Ancak Emery, ilahi duyusunu kullanmadan bile komutanın odasında yaşanan savaşı duyabiliyordu. Patlama ve çatışma sesleri havayı dolduruyordu ve Hayaletkılıçlar yetenekli olmasına rağmen elf komutanını henüz devirmemişlerdi.
Açıkça hayal kırıklığına uğramış olan prenses cevap olarak homurdandı, sesi keskindi. “Peki ya üçüncü grup?! Neredeler?!”
Prenses hayal kırıklığını dile getirdikten sadece birkaç saniye sonra güneyden güçlü bir enerji dalgası yükseldi ve bunu sağır edici bir patlama izledi.
Şok dalgası onlara ulaştığında yer sarsıldı ve kalede kalan elf kuvvetleri şaşkınlık ve alarmla geri döndü. Üçüncü grup, Magus askeri güçlerinden Dopa ve Helga, elf kalesinin savunma bariyerinin anahtarını tutan gözetleme kulesini başarıyla yıkmıştı. Bu başarı onlara yalnızca bir kaçış yolu açmakla kalmadı, aynı zamanda elfler arasında kaosa neden olan kritik bir sapma da yarattı.

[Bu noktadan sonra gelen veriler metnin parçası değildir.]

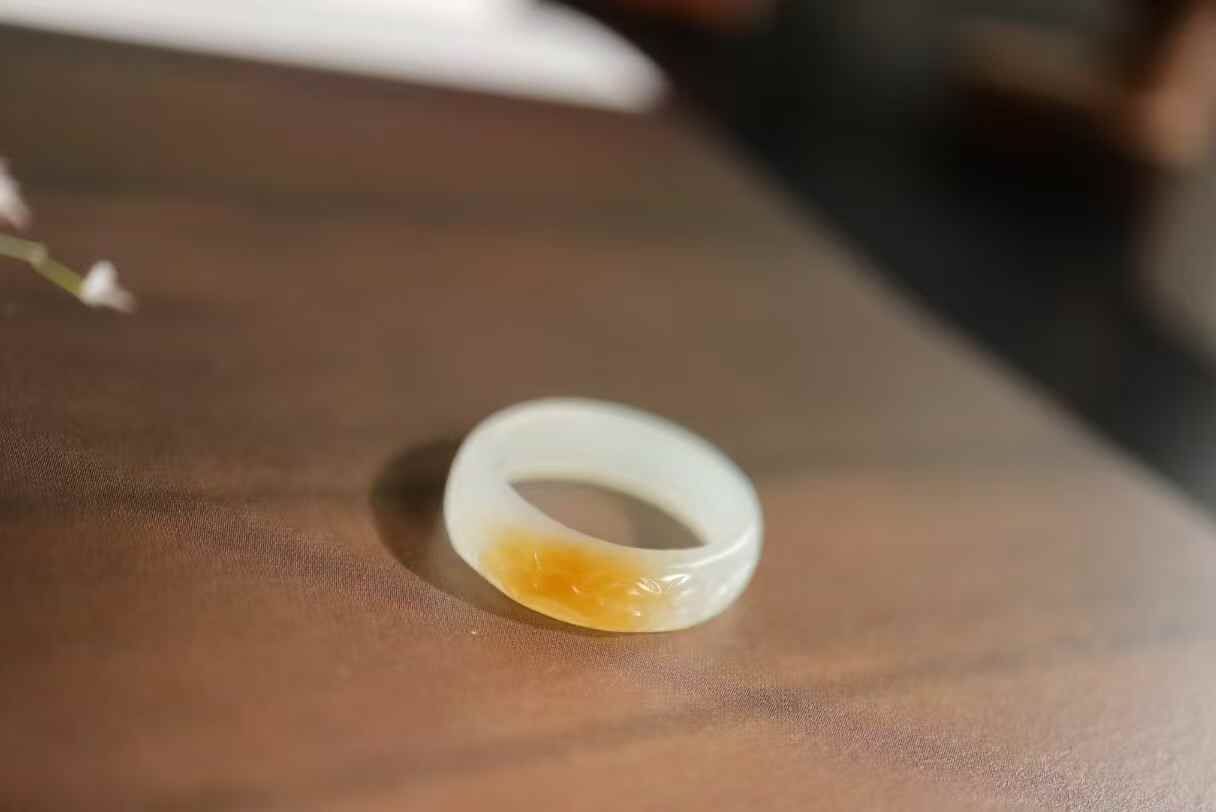 416732 和田玉糖白戒圈 (內徑 16mm)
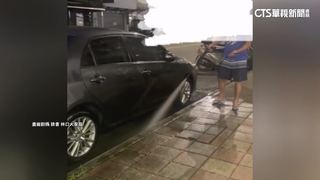店家洗地「泥石噴路邊車」　車主制止未果怒告毀損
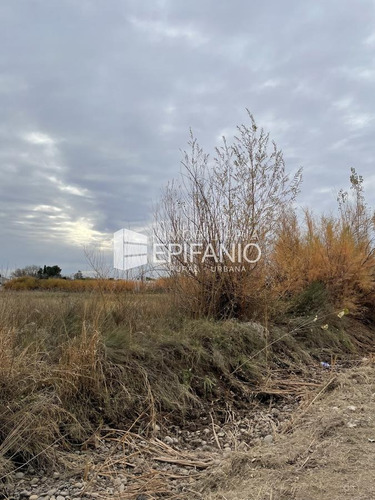 Imagen 4 de 9 de Venta - Lote En Stefenelli - 3300 M2
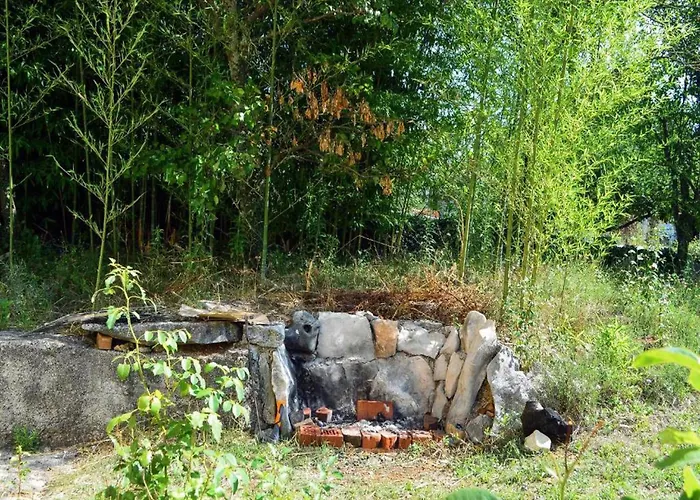 Spacious Rural W Pool * Rasa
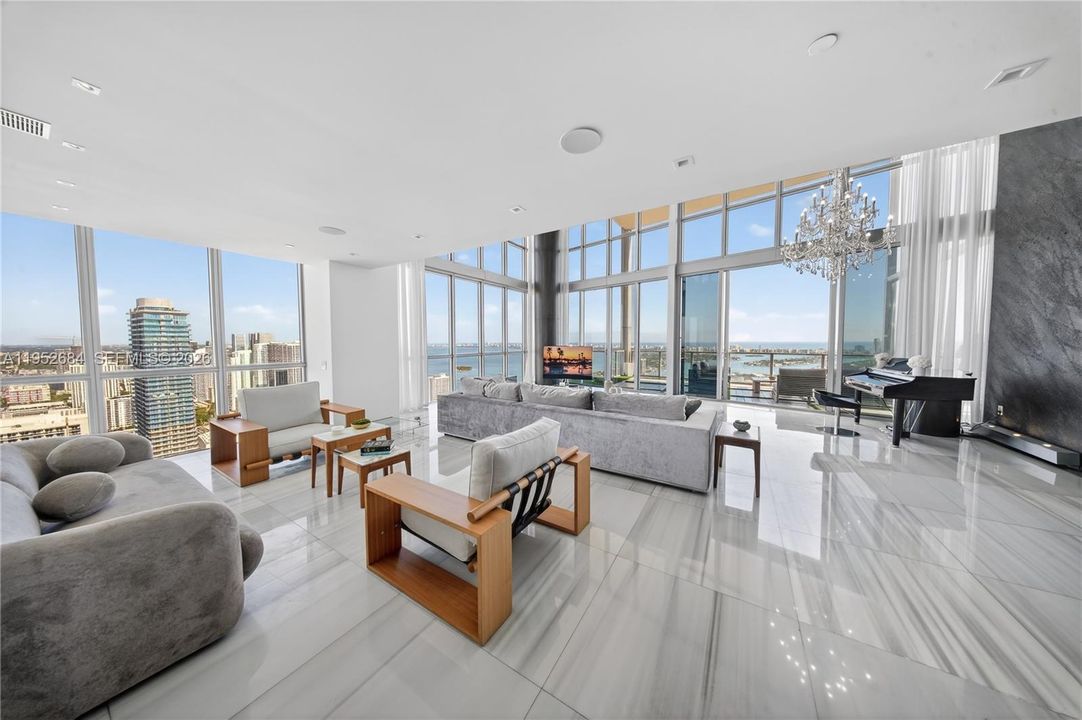 En Venta: $5,600,000 (6 camas, 6 baños, 6952 Pies cuadrados)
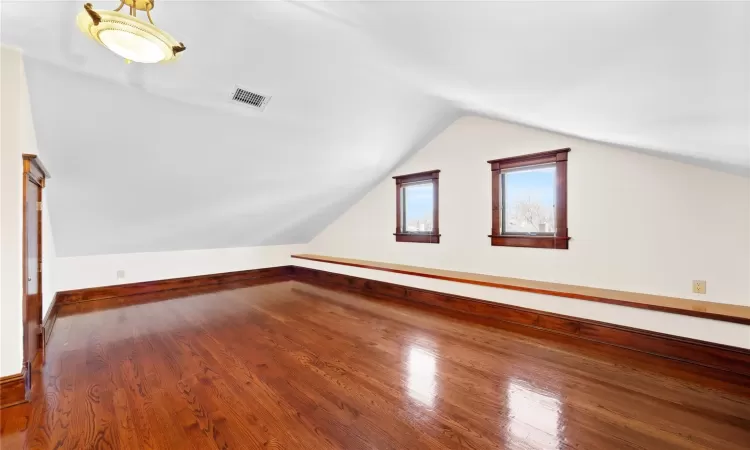 3323 158th Street, New York, NY, 4 Bedrooms Bedrooms, 11 Rooms Rooms,4 BathroomsBathrooms,Residential,For Sale,158th,832565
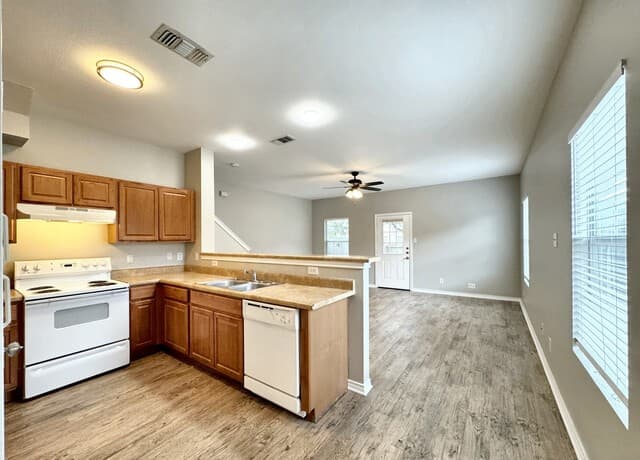 3-bedroom rental at 7802 Kingsbury Wood Unit 1 in San Antonio, TX — photo 3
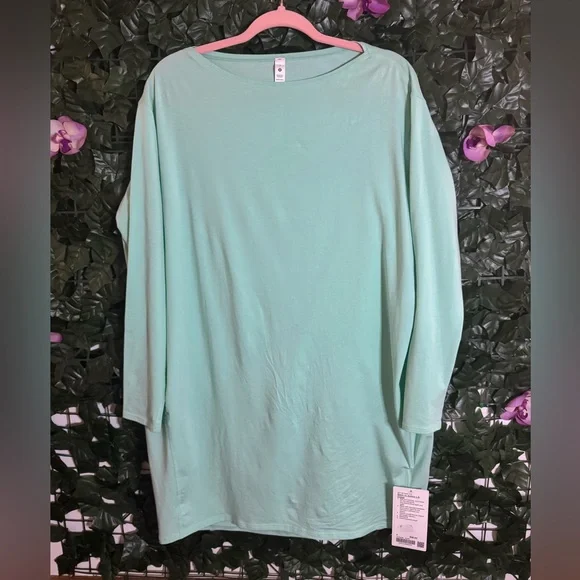 🆕 Lululemon 🍋 Back in Action Long Sleeve Dress - Picture 4 of 10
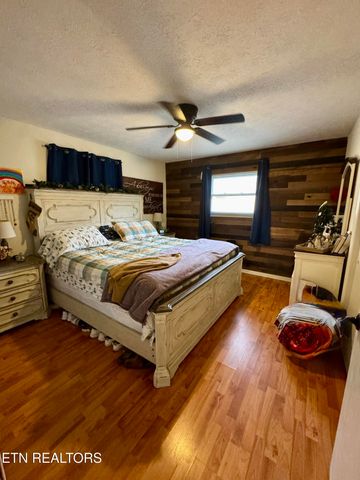 1310 Foust Carney Rd, Powell, TN 37849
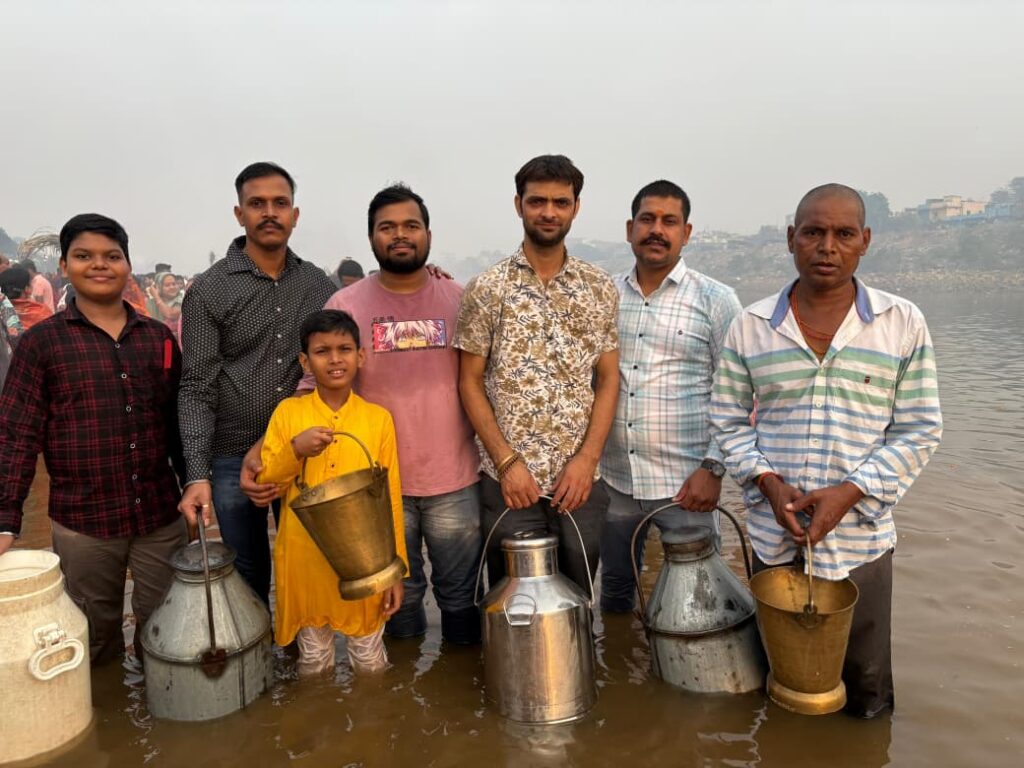 JAMSHEDPUR NEWS :प्रकाश कुंभकार ने इस छठ में भी वितरित किया 100 लीटर दूध,बीते 10 वर्षों से वितरित कर रहे हैं दूध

“Güney duvarından saldırıyorlar!” elf askerlerinin panik dolu çığlıkları geldi.
“İnsan güçleri savunmayı aştı!” diye bağırdı bir başkası, kaleye yayılan kafa karışıklığını teyit ediyordu. Beklendiği gibi, bu saptırma birçok elfi güney cephesini güçlendirmek için çabalamaya itti.
Emery sonuçtan memnundu ama ne yazık ki, güçlü bir enerji dalgası hissettiğinde kısa süren rahatlama da bozuldu; ikinci bir büyük elf büyücüsü gelmişti. Ama büyük büyücü duvara doğru gitmek yerine onlara doğru doğrudan bir çizgi çizdi.
On beş dakika yaklaşıyordu ve son teslim tarihinin ağırlığı zihnini sıkıştırmaya başlamıştı. Plan titizlikle zamanlanmıştı; Yakındaki diğer iki kaleden takviye kuvvetleri gelmeden önce hedefi ortadan kaldırmaları ve kaçmaları gerekiyordu.
Her biri sadece savaşçı taburlarını değil, aynı zamanda büyük büyücü figürlerini de getirecek ve kuşatılmalarını sağlayacaktı. Zaman akıp gidiyordu ve riskler tehlikeli derecede yükselmişti.